Question

The energy required to take a satellite to a height 'h' above Earth surface (radius of Earth = 6.4 × 10³ km) is E₁ and kinetic energy required for the satellite to be in a circular orbit at this height is E₂. The value of h for which E₁ and E₂ are equal, is:
1. 1.6 × 10³ km
2. 3.2 × 10³ km
3. 6.4 × 10³ km
4. 1.28 × 10⁴ km

Answer 1

Correct Answer - Option 2 : 3.2 × 10³ km

Concept:

The energy required to take a satellite to a height 'h' above earth’s surface is difference between the energy at height ‘h’ and energy at surface, then,

⇒ E₁ = U_h - U_i

Since we need to find the energy at that point, the gravitational potential energy is used here.
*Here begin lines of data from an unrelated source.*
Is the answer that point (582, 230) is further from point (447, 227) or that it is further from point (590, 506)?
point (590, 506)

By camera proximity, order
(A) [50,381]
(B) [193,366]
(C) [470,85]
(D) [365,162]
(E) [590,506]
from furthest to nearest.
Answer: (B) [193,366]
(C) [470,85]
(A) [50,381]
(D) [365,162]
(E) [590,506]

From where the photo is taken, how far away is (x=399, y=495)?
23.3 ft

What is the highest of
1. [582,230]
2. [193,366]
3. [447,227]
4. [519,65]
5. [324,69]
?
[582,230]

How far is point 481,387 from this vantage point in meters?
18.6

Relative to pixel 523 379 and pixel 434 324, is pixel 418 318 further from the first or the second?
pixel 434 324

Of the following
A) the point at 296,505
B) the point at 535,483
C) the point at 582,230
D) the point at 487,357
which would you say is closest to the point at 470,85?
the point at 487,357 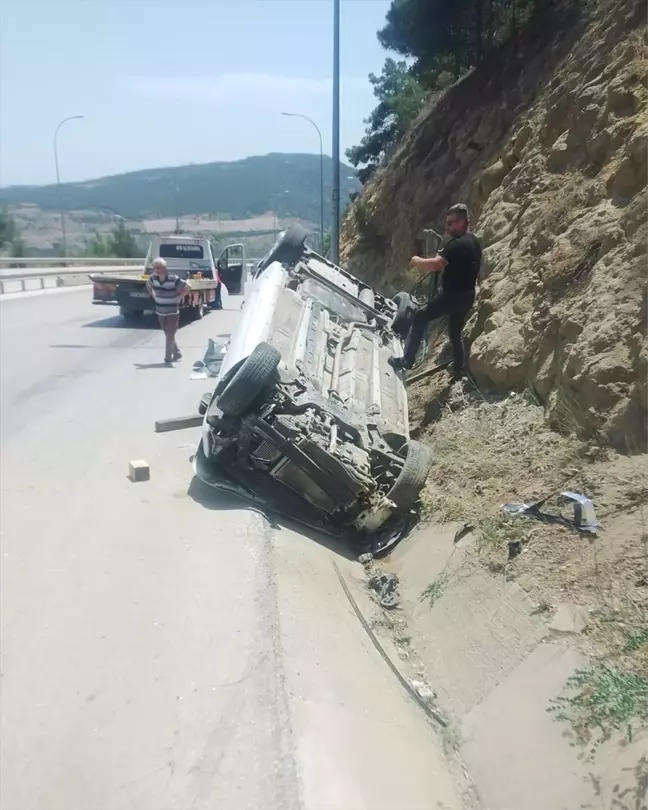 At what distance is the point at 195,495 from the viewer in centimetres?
643

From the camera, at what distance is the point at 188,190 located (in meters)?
130

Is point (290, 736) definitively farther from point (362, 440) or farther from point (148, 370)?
point (148, 370)

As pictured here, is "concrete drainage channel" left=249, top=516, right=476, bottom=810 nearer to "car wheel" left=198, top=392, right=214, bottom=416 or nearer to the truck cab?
"car wheel" left=198, top=392, right=214, bottom=416

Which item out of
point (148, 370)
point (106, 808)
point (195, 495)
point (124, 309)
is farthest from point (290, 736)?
point (124, 309)

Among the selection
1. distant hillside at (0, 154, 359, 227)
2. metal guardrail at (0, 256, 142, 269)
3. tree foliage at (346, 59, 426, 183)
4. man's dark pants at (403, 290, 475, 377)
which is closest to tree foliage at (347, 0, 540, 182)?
tree foliage at (346, 59, 426, 183)

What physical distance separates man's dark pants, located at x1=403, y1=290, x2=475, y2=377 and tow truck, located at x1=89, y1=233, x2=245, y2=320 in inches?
372

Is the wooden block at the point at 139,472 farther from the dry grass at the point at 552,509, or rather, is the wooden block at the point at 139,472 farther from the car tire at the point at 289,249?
the car tire at the point at 289,249

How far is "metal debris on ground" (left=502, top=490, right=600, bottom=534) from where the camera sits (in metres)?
4.55

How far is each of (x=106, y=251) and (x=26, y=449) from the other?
202 ft

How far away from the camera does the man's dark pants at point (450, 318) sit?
760cm

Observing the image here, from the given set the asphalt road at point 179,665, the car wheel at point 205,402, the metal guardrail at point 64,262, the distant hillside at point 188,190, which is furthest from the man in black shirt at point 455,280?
the distant hillside at point 188,190

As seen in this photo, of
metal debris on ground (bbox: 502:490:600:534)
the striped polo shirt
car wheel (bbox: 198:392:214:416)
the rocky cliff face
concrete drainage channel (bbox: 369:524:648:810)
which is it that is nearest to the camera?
concrete drainage channel (bbox: 369:524:648:810)

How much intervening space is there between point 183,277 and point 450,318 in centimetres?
1276

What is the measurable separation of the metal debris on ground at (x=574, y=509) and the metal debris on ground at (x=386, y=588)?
0.87 m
The gravitational potential energy is given by the formula:

\({\rm{U}} = - \frac{{{\rm{GMm}}}}{{\rm{r}}}\)

The energy at height ‘h’ is given by the formula:

\({{\rm{U}}_{\rm{h}}} = - \frac{{{\rm{G}}{{\rm{M}}_{\rm{e}}}{\rm{m}}}}{{{{\rm{R}}_{\rm{e}}} + {\rm{h}}}}\)

The energy at surface is given by the formula:

\({{\rm{U}}_{\rm{i}}} = - \frac{{{\rm{G}}{{\rm{M}}_{\rm{e}}}{\rm{m}}}}{{{{\rm{R}}_{\rm{e}}}}}\)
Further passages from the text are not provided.